## Dataset content
-- Opening Marker --

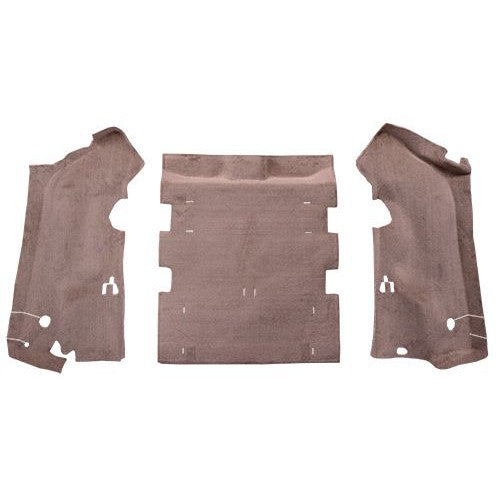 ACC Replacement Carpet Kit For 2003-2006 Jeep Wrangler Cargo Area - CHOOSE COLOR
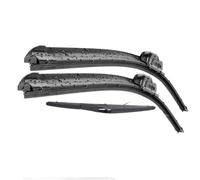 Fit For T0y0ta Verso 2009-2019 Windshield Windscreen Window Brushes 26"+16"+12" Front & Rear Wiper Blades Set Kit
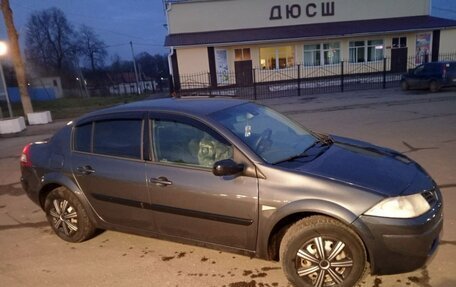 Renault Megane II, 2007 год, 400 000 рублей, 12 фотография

-- Closing Marker --

## Aim of the task
From the first line of the material to the last, retype everything exactly except the images.

## Exercise result
 ACC Replacement Carpet Kit For 2003-2006 Jeep Wrangler Cargo Area - CHOOSE COLOR
 Fit For T0y0ta Verso 2009-2019 Windshield Windscreen Window Brushes 26"+16"+12" Front & Rear Wiper Blades Set Kit
 Renault Megane II, 2007 год, 400 000 рублей, 12 фотография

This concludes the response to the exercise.